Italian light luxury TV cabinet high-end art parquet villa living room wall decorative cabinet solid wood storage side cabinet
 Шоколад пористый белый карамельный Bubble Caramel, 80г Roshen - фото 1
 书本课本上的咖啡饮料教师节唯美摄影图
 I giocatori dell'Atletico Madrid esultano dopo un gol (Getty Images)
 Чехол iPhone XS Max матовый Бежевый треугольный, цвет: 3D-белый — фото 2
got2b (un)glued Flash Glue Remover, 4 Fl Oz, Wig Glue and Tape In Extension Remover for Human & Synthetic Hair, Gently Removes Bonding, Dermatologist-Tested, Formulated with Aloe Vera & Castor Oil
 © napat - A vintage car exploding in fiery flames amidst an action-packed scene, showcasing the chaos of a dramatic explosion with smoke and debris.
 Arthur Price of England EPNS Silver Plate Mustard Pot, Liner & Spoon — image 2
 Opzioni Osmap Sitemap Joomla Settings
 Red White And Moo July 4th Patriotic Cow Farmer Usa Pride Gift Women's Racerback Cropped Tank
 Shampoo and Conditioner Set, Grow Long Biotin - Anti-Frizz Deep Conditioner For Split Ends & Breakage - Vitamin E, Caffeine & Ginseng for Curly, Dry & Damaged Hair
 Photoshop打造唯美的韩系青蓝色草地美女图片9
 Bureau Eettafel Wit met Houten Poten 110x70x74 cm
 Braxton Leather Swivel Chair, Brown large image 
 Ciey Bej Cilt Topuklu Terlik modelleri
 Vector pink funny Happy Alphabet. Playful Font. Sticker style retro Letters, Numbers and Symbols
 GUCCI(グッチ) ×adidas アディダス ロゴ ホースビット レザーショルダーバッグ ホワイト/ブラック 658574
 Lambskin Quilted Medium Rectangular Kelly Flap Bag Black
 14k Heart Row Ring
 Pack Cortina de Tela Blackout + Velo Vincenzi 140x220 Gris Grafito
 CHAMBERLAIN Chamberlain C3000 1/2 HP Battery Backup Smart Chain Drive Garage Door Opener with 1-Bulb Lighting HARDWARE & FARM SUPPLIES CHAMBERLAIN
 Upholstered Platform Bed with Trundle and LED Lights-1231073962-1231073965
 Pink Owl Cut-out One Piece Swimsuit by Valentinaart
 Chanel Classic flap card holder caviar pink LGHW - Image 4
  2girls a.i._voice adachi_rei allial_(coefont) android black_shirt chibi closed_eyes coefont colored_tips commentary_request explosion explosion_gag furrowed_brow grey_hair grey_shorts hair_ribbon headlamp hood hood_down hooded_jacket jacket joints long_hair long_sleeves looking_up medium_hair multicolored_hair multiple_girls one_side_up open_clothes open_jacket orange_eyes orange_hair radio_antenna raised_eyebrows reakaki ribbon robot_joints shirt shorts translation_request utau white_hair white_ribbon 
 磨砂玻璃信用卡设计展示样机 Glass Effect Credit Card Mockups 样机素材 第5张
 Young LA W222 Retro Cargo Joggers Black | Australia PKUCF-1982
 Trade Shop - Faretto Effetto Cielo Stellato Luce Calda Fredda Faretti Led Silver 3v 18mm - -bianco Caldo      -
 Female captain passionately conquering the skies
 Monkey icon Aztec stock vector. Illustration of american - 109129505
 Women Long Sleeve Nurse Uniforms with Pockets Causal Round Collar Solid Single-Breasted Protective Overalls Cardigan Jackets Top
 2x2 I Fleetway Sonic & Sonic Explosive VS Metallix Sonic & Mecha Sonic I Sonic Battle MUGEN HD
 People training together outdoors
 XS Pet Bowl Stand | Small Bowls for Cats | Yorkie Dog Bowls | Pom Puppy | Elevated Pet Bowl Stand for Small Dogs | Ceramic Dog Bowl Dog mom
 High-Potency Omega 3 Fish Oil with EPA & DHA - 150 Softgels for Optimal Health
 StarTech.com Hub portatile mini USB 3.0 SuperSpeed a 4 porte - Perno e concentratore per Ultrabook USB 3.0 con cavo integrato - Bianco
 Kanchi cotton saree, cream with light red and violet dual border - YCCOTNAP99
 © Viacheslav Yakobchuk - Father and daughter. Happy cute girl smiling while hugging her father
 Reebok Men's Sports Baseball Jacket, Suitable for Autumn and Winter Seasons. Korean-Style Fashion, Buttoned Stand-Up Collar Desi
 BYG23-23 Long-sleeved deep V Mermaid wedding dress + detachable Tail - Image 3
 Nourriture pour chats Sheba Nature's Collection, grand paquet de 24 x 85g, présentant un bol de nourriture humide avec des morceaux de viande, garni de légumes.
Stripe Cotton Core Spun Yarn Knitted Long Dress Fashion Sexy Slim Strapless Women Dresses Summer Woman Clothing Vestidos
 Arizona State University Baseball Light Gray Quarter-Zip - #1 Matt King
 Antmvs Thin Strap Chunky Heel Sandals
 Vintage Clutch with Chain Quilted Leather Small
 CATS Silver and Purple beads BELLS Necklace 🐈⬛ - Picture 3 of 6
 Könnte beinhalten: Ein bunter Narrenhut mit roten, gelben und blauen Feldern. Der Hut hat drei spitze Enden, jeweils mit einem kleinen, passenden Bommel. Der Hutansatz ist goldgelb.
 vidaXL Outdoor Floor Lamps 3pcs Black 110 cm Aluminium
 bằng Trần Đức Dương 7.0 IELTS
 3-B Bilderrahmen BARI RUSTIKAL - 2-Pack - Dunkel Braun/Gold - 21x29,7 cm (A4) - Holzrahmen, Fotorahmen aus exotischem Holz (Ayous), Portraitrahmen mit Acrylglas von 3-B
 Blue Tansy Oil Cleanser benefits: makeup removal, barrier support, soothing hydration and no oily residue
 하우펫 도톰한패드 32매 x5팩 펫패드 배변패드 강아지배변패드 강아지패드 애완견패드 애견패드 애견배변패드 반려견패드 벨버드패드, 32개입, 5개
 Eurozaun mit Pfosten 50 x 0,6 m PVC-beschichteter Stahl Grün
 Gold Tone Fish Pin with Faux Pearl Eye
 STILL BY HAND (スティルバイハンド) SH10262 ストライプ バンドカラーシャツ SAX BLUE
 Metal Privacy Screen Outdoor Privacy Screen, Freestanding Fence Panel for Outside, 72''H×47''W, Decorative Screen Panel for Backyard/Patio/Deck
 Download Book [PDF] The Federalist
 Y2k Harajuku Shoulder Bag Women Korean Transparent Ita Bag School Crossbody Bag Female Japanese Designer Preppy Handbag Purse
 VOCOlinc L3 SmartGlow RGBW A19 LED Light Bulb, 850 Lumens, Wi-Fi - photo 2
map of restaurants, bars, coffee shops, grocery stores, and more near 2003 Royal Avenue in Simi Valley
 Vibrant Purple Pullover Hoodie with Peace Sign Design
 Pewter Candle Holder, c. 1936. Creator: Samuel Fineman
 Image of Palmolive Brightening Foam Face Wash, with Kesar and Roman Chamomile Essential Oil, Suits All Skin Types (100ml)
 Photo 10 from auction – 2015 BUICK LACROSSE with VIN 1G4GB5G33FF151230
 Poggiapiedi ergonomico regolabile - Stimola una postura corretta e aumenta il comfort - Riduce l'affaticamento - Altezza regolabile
■ ■ ■ ■ ■ ■ ■
WORK REQUEST:
Go through the material above and set each line down verbatim.

TASK RESPONSE:
Italian light luxury TV cabinet high-end art parquet villa living room wall decorative cabinet solid wood storage side cabinet
 Шоколад пористый белый карамельный Bubble Caramel, 80г Roshen - фото 1
 书本课本上的咖啡饮料教师节唯美摄影图
 I giocatori dell'Atletico Madrid esultano dopo un gol (Getty Images)
 Чехол iPhone XS Max матовый Бежевый треугольный, цвет: 3D-белый — фото 2
got2b (un)glued Flash Glue Remover, 4 Fl Oz, Wig Glue and Tape In Extension Remover for Human & Synthetic Hair, Gently Removes Bonding, Dermatologist-Tested, Formulated with Aloe Vera & Castor Oil
 © napat - A vintage car exploding in fiery flames amidst an action-packed scene, showcasing the chaos of a dramatic explosion with smoke and debris.
 Arthur Price of England EPNS Silver Plate Mustard Pot, Liner & Spoon — image 2
 Opzioni Osmap Sitemap Joomla Settings
 Red White And Moo July 4th Patriotic Cow Farmer Usa Pride Gift Women's Racerback Cropped Tank
 Shampoo and Conditioner Set, Grow Long Biotin - Anti-Frizz Deep Conditioner For Split Ends & Breakage - Vitamin E, Caffeine & Ginseng for Curly, Dry & Damaged Hair
 Photoshop打造唯美的韩系青蓝色草地美女图片9
 Bureau Eettafel Wit met Houten Poten 110x70x74 cm
 Braxton Leather Swivel Chair, Brown large image 
 Ciey Bej Cilt Topuklu Terlik modelleri
 Vector pink funny Happy Alphabet. Playful Font. Sticker style retro Letters, Numbers and Symbols
 GUCCI(グッチ) ×adidas アディダス ロゴ ホースビット レザーショルダーバッグ ホワイト/ブラック 658574
 Lambskin Quilted Medium Rectangular Kelly Flap Bag Black
 14k Heart Row Ring
 Pack Cortina de Tela Blackout + Velo Vincenzi 140x220 Gris Grafito
 CHAMBERLAIN Chamberlain C3000 1/2 HP Battery Backup Smart Chain Drive Garage Door Opener with 1-Bulb Lighting HARDWARE & FARM SUPPLIES CHAMBERLAIN
 Upholstered Platform Bed with Trundle and LED Lights-1231073962-1231073965
 Pink Owl Cut-out One Piece Swimsuit by Valentinaart
 Chanel Classic flap card holder caviar pink LGHW - Image 4
  2girls a.i._voice adachi_rei allial_(coefont) android black_shirt chibi closed_eyes coefont colored_tips commentary_request explosion explosion_gag furrowed_brow grey_hair grey_shorts hair_ribbon headlamp hood hood_down hooded_jacket jacket joints long_hair long_sleeves looking_up medium_hair multicolored_hair multiple_girls one_side_up open_clothes open_jacket orange_eyes orange_hair radio_antenna raised_eyebrows reakaki ribbon robot_joints shirt shorts translation_request utau white_hair white_ribbon 
 磨砂玻璃信用卡设计展示样机 Glass Effect Credit Card Mockups 样机素材 第5张
 Young LA W222 Retro Cargo Joggers Black | Australia PKUCF-1982
 Trade Shop - Faretto Effetto Cielo Stellato Luce Calda Fredda Faretti Led Silver 3v 18mm - -bianco Caldo      -
 Female captain passionately conquering the skies
 Monkey icon Aztec stock vector. Illustration of american - 109129505
 Women Long Sleeve Nurse Uniforms with Pockets Causal Round Collar Solid Single-Breasted Protective Overalls Cardigan Jackets Top
 2x2 I Fleetway Sonic & Sonic Explosive VS Metallix Sonic & Mecha Sonic I Sonic Battle MUGEN HD
 People training together outdoors
 XS Pet Bowl Stand | Small Bowls for Cats | Yorkie Dog Bowls | Pom Puppy | Elevated Pet Bowl Stand for Small Dogs | Ceramic Dog Bowl Dog mom
 High-Potency Omega 3 Fish Oil with EPA & DHA - 150 Softgels for Optimal Health
 StarTech.com Hub portatile mini USB 3.0 SuperSpeed a 4 porte - Perno e concentratore per Ultrabook USB 3.0 con cavo integrato - Bianco
 Kanchi cotton saree, cream with light red and violet dual border - YCCOTNAP99
 © Viacheslav Yakobchuk - Father and daughter. Happy cute girl smiling while hugging her father
 Reebok Men's Sports Baseball Jacket, Suitable for Autumn and Winter Seasons. Korean-Style Fashion, Buttoned Stand-Up Collar Desi
 BYG23-23 Long-sleeved deep V Mermaid wedding dress + detachable Tail - Image 3
 Nourriture pour chats Sheba Nature's Collection, grand paquet de 24 x 85g, présentant un bol de nourriture humide avec des morceaux de viande, garni de légumes.
Stripe Cotton Core Spun Yarn Knitted Long Dress Fashion Sexy Slim Strapless Women Dresses Summer Woman Clothing Vestidos
 Arizona State University Baseball Light Gray Quarter-Zip - #1 Matt King
 Antmvs Thin Strap Chunky Heel Sandals
 Vintage Clutch with Chain Quilted Leather Small
 CATS Silver and Purple beads BELLS Necklace 🐈⬛ - Picture 3 of 6
 Könnte beinhalten: Ein bunter Narrenhut mit roten, gelben und blauen Feldern. Der Hut hat drei spitze Enden, jeweils mit einem kleinen, passenden Bommel. Der Hutansatz ist goldgelb.
 vidaXL Outdoor Floor Lamps 3pcs Black 110 cm Aluminium
 bằng Trần Đức Dương 7.0 IELTS
 3-B Bilderrahmen BARI RUSTIKAL - 2-Pack - Dunkel Braun/Gold - 21x29,7 cm (A4) - Holzrahmen, Fotorahmen aus exotischem Holz (Ayous), Portraitrahmen mit Acrylglas von 3-B
 Blue Tansy Oil Cleanser benefits: makeup removal, barrier support, soothing hydration and no oily residue
 하우펫 도톰한패드 32매 x5팩 펫패드 배변패드 강아지배변패드 강아지패드 애완견패드 애견패드 애견배변패드 반려견패드 벨버드패드, 32개입, 5개
 Eurozaun mit Pfosten 50 x 0,6 m PVC-beschichteter Stahl Grün
 Gold Tone Fish Pin with Faux Pearl Eye
 STILL BY HAND (スティルバイハンド) SH10262 ストライプ バンドカラーシャツ SAX BLUE
 Metal Privacy Screen Outdoor Privacy Screen, Freestanding Fence Panel for Outside, 72''H×47''W, Decorative Screen Panel for Backyard/Patio/Deck
 Download Book [PDF] The Federalist
 Y2k Harajuku Shoulder Bag Women Korean Transparent Ita Bag School Crossbody Bag Female Japanese Designer Preppy Handbag Purse
 VOCOlinc L3 SmartGlow RGBW A19 LED Light Bulb, 850 Lumens, Wi-Fi - photo 2
map of restaurants, bars, coffee shops, grocery stores, and more near 2003 Royal Avenue in Simi Valley
 Vibrant Purple Pullover Hoodie with Peace Sign Design
 Pewter Candle Holder, c. 1936. Creator: Samuel Fineman
 Image of Palmolive Brightening Foam Face Wash, with Kesar and Roman Chamomile Essential Oil, Suits All Skin Types (100ml)
 Photo 10 from auction – 2015 BUICK LACROSSE with VIN 1G4GB5G33FF151230
 Poggiapiedi ergonomico regolabile - Stimola una postura corretta e aumenta il comfort - Riduce l'affaticamento - Altezza regolabile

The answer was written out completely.